Terraform Best Practices: Lessons from Someone Who Has Absolutely Never Deleted Production

Three years of Terraform lessons — anchored by a production incident that may or may not have happened, featuring an RDS database that may or may not have been destroyed. Hypothetically.

#Terraform#IaC#Best Practices#Cloud

Terraform Best Practices: Lessons from Someone Who Has Absolutely Never Deleted Production


Infrastructure as code — building systems that build themselves

Infrastructure as code — building systems that build themselves


Let me tell you about the worst afternoon of my professional life.


Or rather — let me tell you about a hypothetical afternoon. One that may or may not have involved a production RDS instance, a wrong Terraform workspace, and the slow, dawning horror of watching a destroy plan execute while my soul quietly left my body.
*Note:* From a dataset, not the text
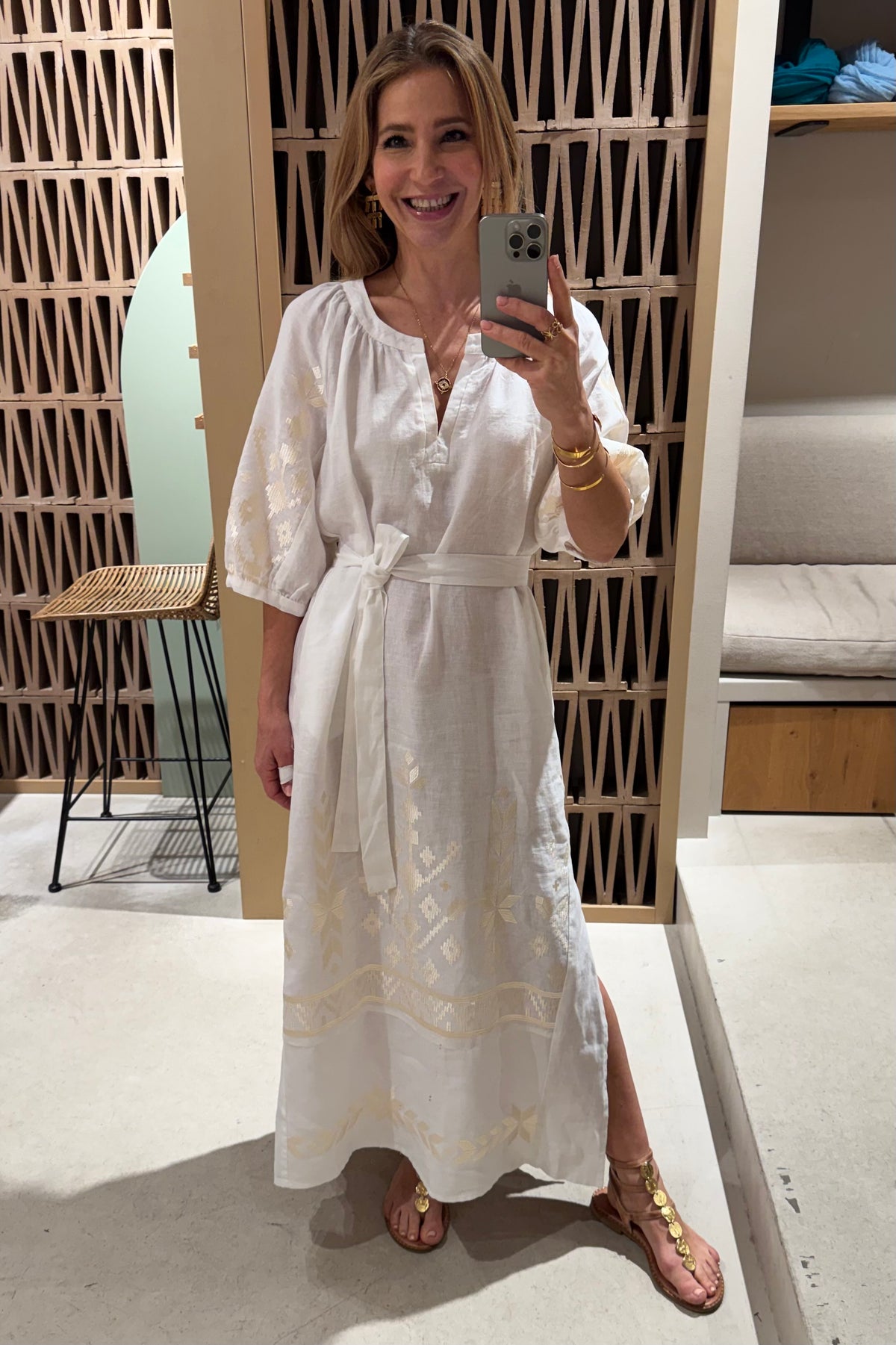 MIDI LINEN DRESS "IOS" WHITE/CHAMPAGNE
Did it happen to me? I'm not saying it did. I'm also not saying it didn't. What I will say is: I have been extraordinarily careful with terraform apply for the past three years, and there is a very specific reason for that. Whether that reason is lived trauma or an abundance of professional caution is something we may never resolve.


What I can tell you is this: somewhere in the multiverse, a version of me typed "yes" into a terminal, watched Terraform destroy a production RDS instance with 18 months of user data, and spent the next 4 hours recovering from a snapshot that was 6 hours old. Maybe that person was me. Maybe I was simply too chicken to ever let it get that far.


Either way — in case this ever happens to you, hypothetically — here is everything I know about never letting it happen again.


Directory Structure: Monorepo with Clear Separation


The first thing that enables everything else is a clean directory structure. After trying several approaches, this is what I settled on:


bash
infrastructure/
├── modules/
│   ├── vpc/
│   │   ├── main.tf
│   │   ├── variables.tf
│   │   ├── outputs.tf
│   │   └── README.md
│   ├── eks/
│   │   ├── main.tf
│   │   ├── variables.tf
│   │   └── outputs.tf
│   └── rds/
│       ├── main.tf
│       ├── variables.tf
│       └── outputs.tf
└── environments/
    ├── staging/
    │   ├── main.tf
    │   ├── variables.tf
    │   ├── terraform.tfvars
    │   └── backend.tf
    └── production/
        ├── main.tf
        ├── variables.tf
        ├── terraform.tfvars
        └── backend.tf

Modules live in modules/ and contain no environment-specific configuration. Each environment directory under environments/ calls those modules with environment-specific values. This separation means that to deploy something to staging, you work in environments/staging/. To deploy to production, you work in environments/production/. There is no workspace switching. The directory you are in is the environment you are affecting. This alone would have prevented my disaster.


Remote State: S3 Backend with DynamoDB Locking


Local state files are a team antipattern. The moment two people try to run terraform apply at the same time against local state, you have a corrupted state file and a bad time.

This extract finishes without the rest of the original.